En 1555, il retourne aux Pays-Bas ; et c'est un tout jeune homme - quoique déjà nanti d'un métier extrêmement solide - qui voit ses premières œuvres publiées, à Anvers, à partir de cette même année.

En 1556, Lassus rejoint la Cour d’Albert V de Bavière, lequel désire s'entourer de musiciens du plus haut renom. Il restera au service de ce prince comme de son fils, Guillaume V, jusqu'à sa propre disparition, en 1594 Cet Orphée belge (comme il fut nommé par ses contemporains) était doté d'une voix exceptionnelle. Ses talents de compositeur et chanteur se sont d'ailleurs propagés en dehors du milieu musical: en 1570, le pape Grégoire XIII le fait chevalier ; et en 1571 et 1573, le roi Charles IX de France l'invite à sa Cour. 
À la fin des années 1570 et 1580 - malgré la fréquentation des madrigalistes de la Cour d'Este - son style est devenu plus simple et plus raffiné.

Roland (Orlande) de Lassus, ou Orlando di Lasso, 1532-1594
Compositeur prolifique, Lassus a écrit plus de deux mille œuvres dans tous les genres, en latin, français, italien et allemand. Ce qui en est parvenu jusqu'à nous demeure considérable : cinq cent trente motets, cent soixante-quinze madrigaux italiens et villanelle, cent cinquante chansons françaises et quatre-vingt-dix lieder allemands - enfin, près de soixante messes complètes ont été conservées ! Ses ultimes créations sont, le plus souvent, considérées comme majeures. Parmi elles, brille particulièrement  le recueil de vingt-et-un madrigaux spirituels connu sous le nom Lagrime di San Pietro - Larmes de Saint Pierre.

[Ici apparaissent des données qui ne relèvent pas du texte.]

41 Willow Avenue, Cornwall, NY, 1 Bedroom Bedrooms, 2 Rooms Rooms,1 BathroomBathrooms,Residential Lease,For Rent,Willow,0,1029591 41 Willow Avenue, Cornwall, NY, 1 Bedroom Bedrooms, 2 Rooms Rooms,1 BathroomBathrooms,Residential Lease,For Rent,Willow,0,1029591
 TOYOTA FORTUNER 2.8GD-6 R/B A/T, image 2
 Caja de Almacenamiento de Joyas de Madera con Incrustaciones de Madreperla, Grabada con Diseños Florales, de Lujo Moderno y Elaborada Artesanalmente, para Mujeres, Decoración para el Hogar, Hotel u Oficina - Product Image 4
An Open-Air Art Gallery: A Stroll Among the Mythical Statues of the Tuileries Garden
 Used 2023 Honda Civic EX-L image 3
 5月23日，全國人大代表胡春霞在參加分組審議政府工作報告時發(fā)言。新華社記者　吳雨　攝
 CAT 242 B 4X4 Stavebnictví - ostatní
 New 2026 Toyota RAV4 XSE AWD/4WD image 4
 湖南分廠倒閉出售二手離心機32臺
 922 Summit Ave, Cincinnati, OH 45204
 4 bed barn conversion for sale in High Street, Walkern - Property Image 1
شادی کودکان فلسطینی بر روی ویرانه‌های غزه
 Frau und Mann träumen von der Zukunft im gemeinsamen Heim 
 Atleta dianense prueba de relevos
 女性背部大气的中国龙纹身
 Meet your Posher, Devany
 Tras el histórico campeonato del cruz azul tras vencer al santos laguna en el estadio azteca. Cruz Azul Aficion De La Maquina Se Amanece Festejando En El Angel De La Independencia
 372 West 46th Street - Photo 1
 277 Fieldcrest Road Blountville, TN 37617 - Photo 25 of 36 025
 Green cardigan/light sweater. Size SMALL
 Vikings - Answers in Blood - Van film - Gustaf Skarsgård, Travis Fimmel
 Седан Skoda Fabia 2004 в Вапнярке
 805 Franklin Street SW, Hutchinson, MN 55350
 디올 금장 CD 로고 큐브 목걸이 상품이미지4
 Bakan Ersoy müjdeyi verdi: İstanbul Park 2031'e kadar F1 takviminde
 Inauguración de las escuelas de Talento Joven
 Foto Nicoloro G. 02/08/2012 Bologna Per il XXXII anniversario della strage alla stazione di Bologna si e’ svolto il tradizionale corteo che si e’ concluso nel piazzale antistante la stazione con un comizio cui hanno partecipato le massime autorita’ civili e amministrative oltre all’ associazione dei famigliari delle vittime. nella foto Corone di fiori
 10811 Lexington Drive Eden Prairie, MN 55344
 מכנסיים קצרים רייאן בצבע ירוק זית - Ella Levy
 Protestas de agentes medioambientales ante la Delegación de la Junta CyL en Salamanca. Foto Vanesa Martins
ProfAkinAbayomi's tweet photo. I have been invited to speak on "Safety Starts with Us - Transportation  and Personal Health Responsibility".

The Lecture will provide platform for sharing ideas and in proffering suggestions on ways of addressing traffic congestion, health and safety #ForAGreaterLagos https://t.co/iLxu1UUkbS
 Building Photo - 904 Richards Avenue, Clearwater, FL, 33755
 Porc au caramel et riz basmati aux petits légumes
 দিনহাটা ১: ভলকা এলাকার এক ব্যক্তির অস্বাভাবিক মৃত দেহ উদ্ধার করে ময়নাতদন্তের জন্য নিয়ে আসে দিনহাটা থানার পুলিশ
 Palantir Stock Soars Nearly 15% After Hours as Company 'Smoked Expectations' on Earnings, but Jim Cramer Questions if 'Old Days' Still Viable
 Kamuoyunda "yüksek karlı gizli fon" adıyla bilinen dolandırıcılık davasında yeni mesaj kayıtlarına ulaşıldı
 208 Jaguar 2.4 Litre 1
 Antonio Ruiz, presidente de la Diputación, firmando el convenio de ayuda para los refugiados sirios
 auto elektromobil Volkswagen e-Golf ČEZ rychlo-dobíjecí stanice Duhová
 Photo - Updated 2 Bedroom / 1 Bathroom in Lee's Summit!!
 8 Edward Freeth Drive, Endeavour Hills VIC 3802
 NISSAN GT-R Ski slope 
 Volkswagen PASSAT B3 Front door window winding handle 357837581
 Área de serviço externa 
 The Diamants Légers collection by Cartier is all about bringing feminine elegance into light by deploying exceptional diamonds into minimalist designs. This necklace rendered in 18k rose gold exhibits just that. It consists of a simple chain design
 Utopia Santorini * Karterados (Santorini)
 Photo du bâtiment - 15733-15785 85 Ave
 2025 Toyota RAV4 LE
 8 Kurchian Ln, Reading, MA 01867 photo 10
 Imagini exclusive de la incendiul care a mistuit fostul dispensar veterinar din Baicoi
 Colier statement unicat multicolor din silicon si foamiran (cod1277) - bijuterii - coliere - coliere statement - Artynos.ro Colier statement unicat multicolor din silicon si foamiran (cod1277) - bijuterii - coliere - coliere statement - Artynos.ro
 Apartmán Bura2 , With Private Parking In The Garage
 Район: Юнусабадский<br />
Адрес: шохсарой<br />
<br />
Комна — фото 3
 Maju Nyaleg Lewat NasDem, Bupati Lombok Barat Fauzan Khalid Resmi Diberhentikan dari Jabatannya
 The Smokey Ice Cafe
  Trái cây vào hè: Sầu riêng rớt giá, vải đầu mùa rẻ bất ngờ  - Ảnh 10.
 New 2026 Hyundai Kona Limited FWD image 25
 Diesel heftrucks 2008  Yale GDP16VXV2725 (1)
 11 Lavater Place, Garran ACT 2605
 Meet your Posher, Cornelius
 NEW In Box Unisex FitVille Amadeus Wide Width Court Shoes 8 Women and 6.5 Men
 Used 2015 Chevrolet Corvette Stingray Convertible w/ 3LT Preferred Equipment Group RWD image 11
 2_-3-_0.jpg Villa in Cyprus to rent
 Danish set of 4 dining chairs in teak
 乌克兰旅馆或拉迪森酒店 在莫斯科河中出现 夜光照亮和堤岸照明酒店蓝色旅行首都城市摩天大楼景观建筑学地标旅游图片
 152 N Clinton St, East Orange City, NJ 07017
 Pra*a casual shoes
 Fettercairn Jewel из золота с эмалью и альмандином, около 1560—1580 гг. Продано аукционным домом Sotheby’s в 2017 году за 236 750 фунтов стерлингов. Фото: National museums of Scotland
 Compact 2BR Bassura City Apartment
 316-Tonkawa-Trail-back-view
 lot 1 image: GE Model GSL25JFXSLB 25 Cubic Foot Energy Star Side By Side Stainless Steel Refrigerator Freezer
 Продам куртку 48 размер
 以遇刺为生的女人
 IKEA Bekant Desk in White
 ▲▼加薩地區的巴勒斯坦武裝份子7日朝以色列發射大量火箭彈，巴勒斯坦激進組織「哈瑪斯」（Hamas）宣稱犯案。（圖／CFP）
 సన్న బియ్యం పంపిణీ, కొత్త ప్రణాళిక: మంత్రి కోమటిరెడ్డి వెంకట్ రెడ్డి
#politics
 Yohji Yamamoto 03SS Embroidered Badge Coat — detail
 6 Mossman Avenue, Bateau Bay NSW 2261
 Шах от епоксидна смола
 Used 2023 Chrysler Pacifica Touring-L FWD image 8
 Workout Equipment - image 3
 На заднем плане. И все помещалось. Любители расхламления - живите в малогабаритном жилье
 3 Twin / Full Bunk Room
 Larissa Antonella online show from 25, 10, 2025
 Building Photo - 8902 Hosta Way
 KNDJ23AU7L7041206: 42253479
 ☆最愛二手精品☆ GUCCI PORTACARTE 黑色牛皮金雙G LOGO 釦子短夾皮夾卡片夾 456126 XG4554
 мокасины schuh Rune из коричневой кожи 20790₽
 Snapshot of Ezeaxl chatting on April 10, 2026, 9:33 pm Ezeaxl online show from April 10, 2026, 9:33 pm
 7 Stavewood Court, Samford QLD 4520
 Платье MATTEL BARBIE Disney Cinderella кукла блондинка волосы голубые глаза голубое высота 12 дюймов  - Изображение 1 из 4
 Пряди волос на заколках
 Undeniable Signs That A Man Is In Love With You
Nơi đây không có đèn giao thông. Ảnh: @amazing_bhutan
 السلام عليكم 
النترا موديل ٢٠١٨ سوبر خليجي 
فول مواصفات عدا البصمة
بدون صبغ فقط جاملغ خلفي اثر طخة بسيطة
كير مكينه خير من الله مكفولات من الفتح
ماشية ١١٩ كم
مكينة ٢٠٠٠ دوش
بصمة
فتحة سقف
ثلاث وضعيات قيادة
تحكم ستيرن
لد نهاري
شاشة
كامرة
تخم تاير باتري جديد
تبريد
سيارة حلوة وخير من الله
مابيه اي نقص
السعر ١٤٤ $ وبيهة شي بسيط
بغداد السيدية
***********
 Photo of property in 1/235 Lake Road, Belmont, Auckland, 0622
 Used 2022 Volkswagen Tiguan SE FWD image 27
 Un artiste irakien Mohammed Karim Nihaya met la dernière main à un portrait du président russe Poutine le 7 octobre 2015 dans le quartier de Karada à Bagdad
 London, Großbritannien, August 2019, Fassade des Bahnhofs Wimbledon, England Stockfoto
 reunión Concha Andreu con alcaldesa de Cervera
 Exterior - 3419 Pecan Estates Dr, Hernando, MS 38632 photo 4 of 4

L’Ensemble l’Échelle a été fondé en septembre 2010 par l'alto Caroline Marçot et le ténor (1) Charles Barbier (retrouvez notre article sur la Missa Grande de Marcos Portugal, offerte l'an dernier aux Invalides). Ses artistes ont choisi de nous entraîner dans des compositions peu jouées du maître, dédiées à son protecteur Albert V, dans un recueil intitulé pour cette raison La Chambre Musicale d'Albert le Magnifique. Il s'agit en vérité d'un bouquet de petits chefs-d'oeuvre, retrouvant le souvenir du concert vocal (alto, ténor) et instrumental (cornets et sacqueboute) à la vénitienne. Cette formule fut inventée vers 1580 par Giovanni Gabrieli, compositeur de la Sérénissime, pour définir les partitions vocales avec accompagnement d'orgue ou d'un sobre ensemble instrumental.  Une "petite forme", par conséquent, propre à nous faire pénétrer dans la complicité simple d'une réunion entre amis, une musique de plaisir partagé et de connivences...


L'Ensemble l'Échelle
L'agilité, la finesse et la sensibilité des solistes de l’Ensemble ne sont jamais mises en défaut : le chant reste toujours d'une pureté parfaite, et, point très important, les intentions du compositeur, ne sont jamais surjouées). L’instrumentarium utilisé met en lumière la délicatesse des textes, reflet de l’intimité d’un Lassus partageant avec autant d'imagination que simplicité un métier parvenu à son zénith…
 La soprano Véronique Bourin, (que nous avons déjà entendue avec plaisir au sein de l'ensemble Doulce Mémoire), et le ténor Charles Barbier se haussent, dès ce premier opus, au niveau des compétiteurs les plus prestigieux (plages n° 6, 11, 23... extraits sonores en bas de page). À leurs côtés, les coruscants instrumentistes (plages 1, 34, 43 ou 44... extraits en bas de page), eux aussi, méritent tout les éloges.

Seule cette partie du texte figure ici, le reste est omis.